▶ [What to do]
When the listing below reaches the line that has "boy with long", start reproducing exactly; stop after the line that has "弹吉他的他和她!#ai绘画 #治愈动漫 #动漫美图 #二次元 - 抖音", and drop the pictures.

▶ [Provided data]
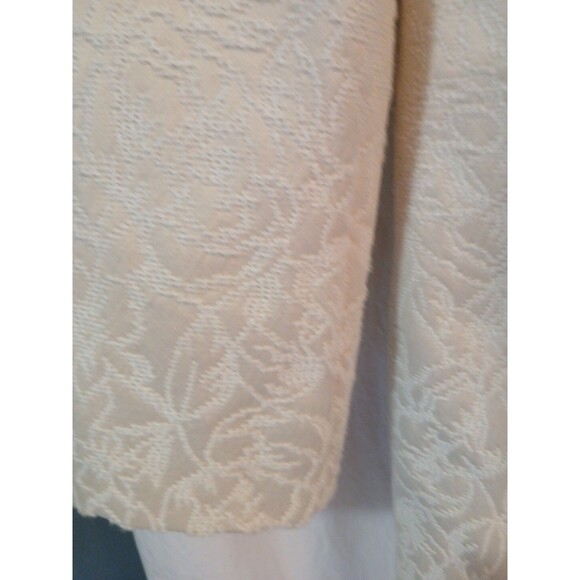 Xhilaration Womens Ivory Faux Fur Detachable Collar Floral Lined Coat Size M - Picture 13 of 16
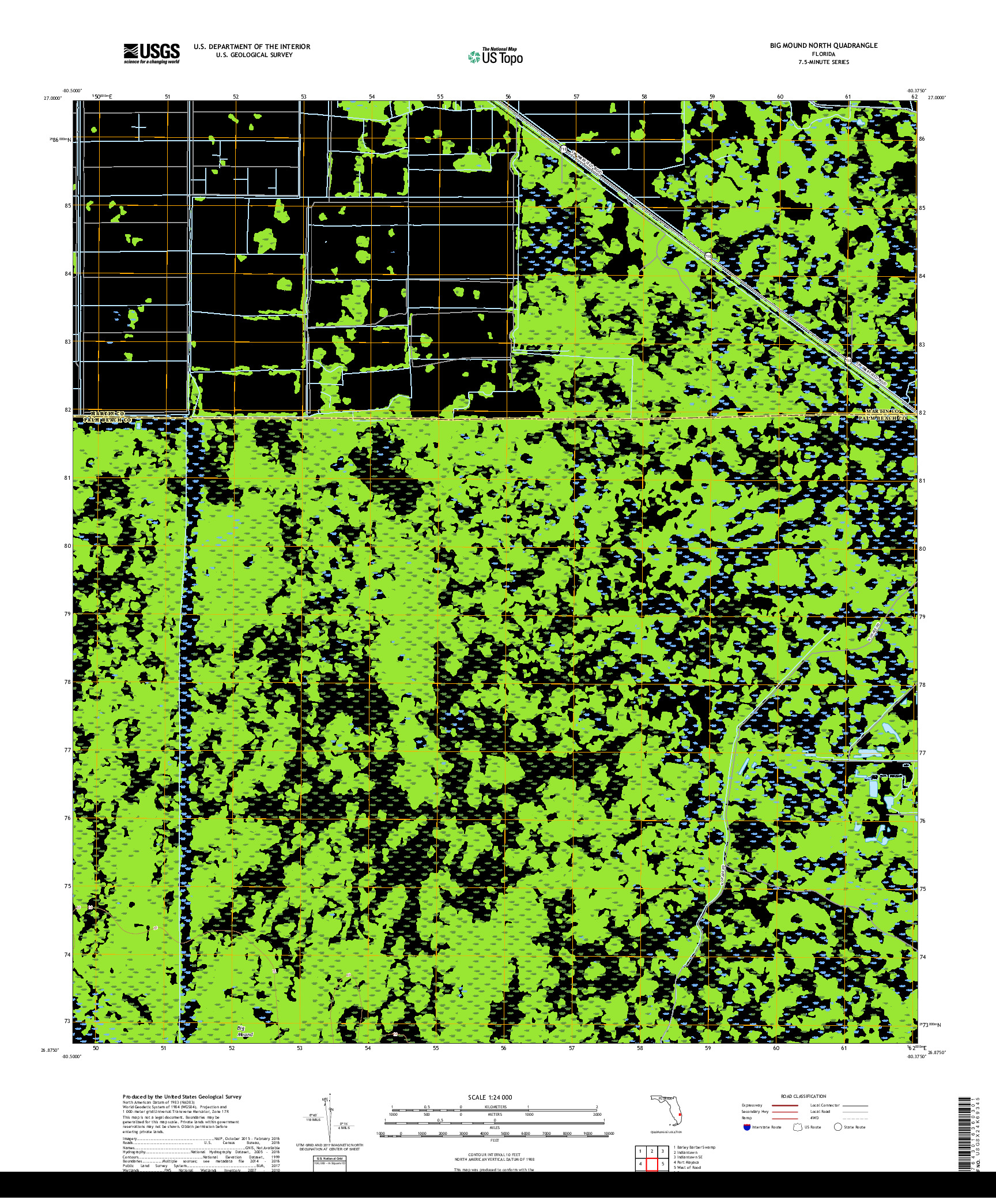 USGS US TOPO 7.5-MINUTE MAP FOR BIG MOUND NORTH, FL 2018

---

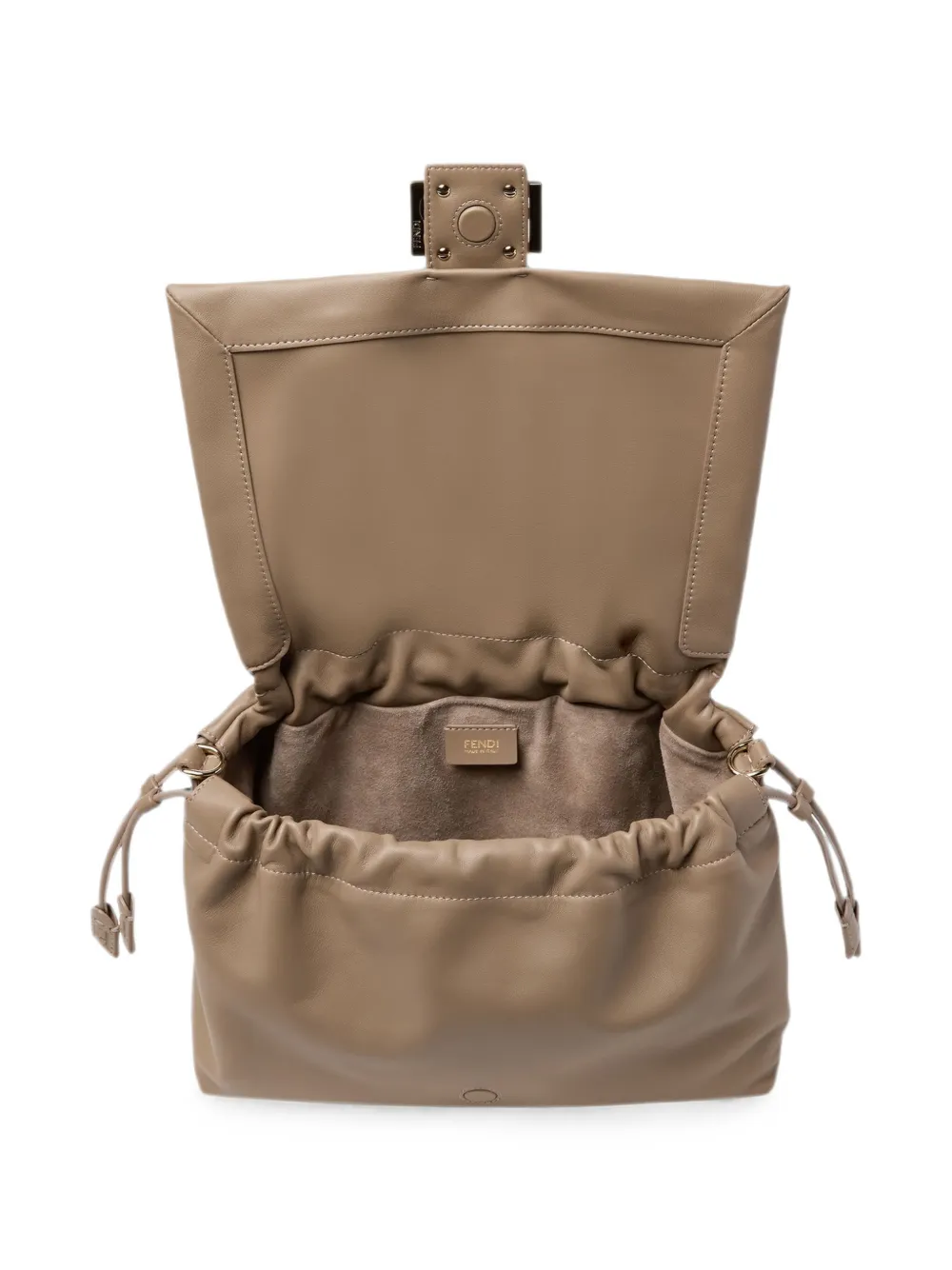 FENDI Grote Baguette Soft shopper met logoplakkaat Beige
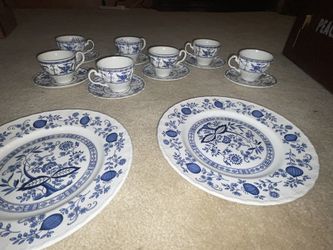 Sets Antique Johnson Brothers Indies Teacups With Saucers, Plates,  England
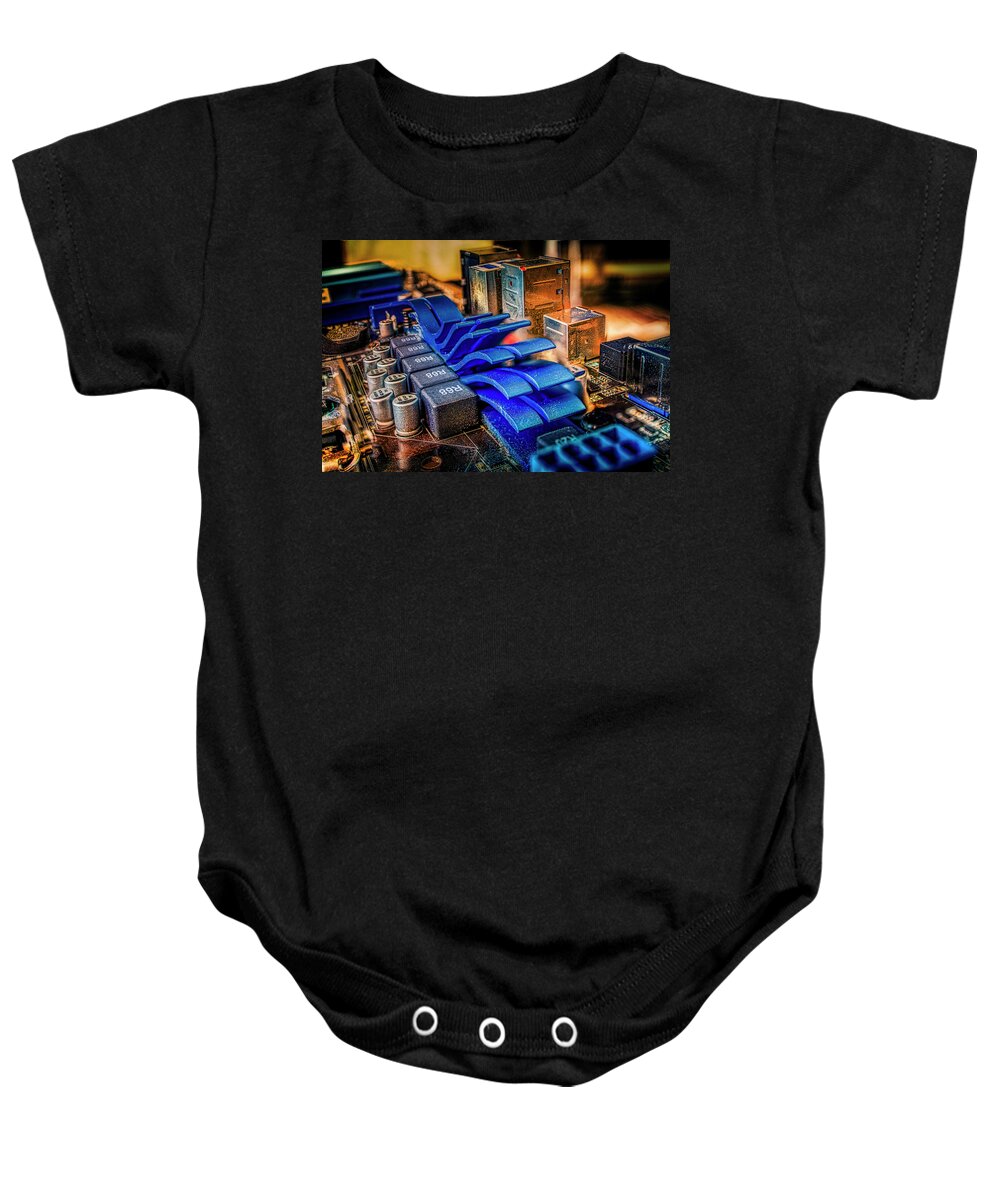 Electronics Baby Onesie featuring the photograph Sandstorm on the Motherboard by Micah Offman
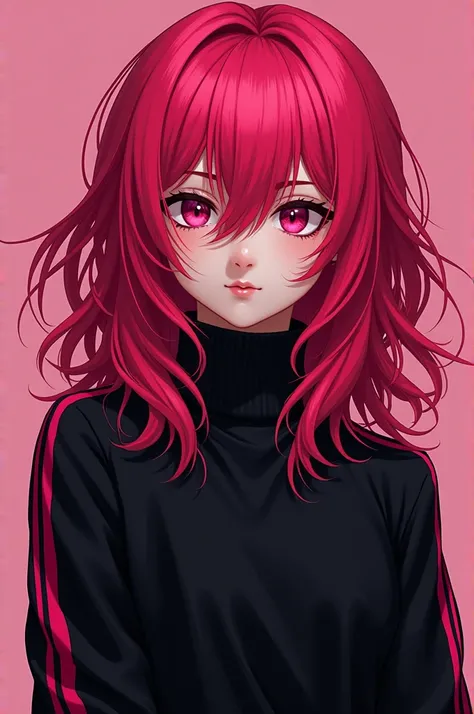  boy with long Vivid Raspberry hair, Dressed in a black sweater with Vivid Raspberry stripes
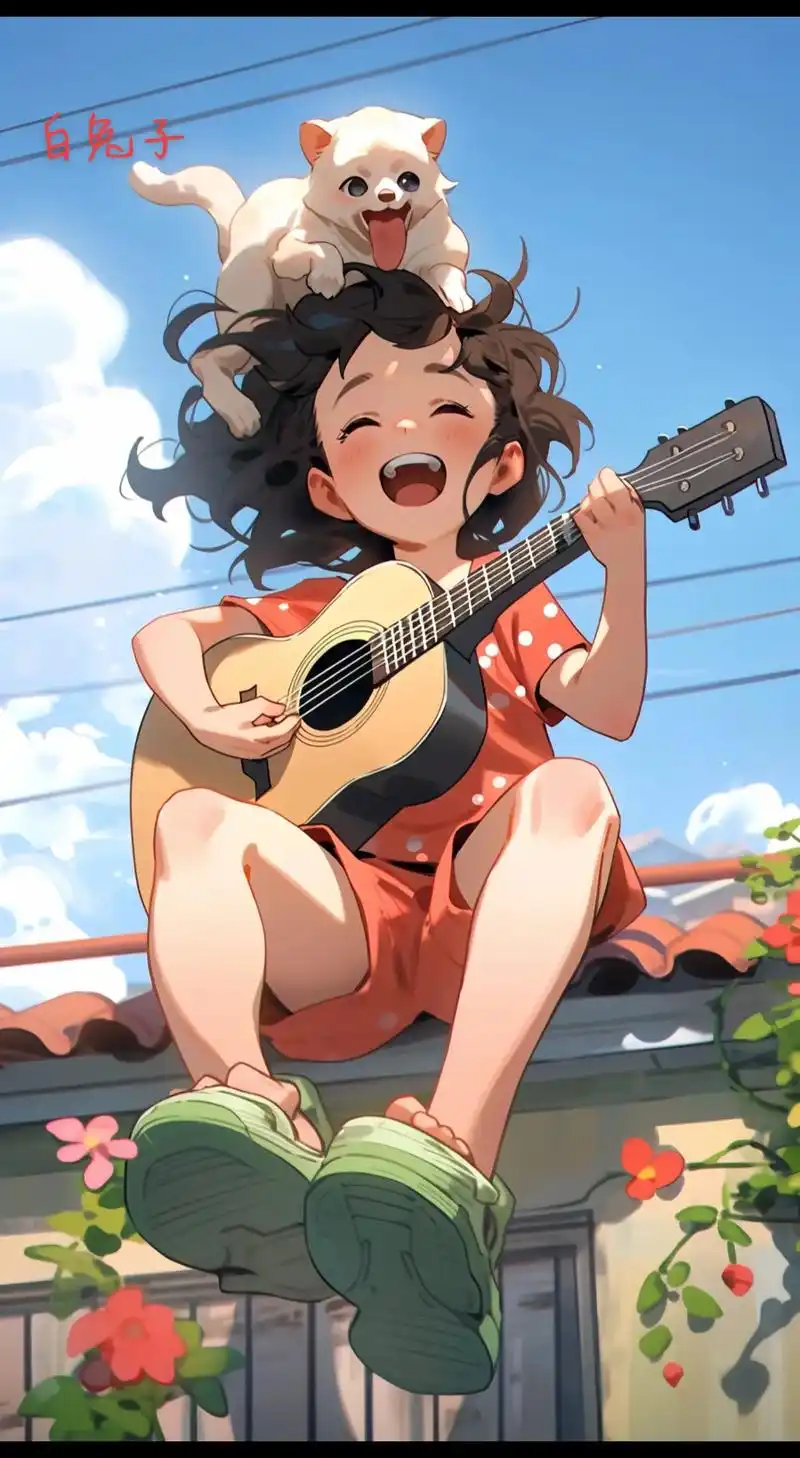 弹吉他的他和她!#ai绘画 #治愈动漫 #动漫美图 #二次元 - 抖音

▶ [Answer for the task]
  boy with long Vivid Raspberry hair, Dressed in a black sweater with Vivid Raspberry stripes
 弹吉他的他和她!#ai绘画 #治愈动漫 #动漫美图 #二次元 - 抖音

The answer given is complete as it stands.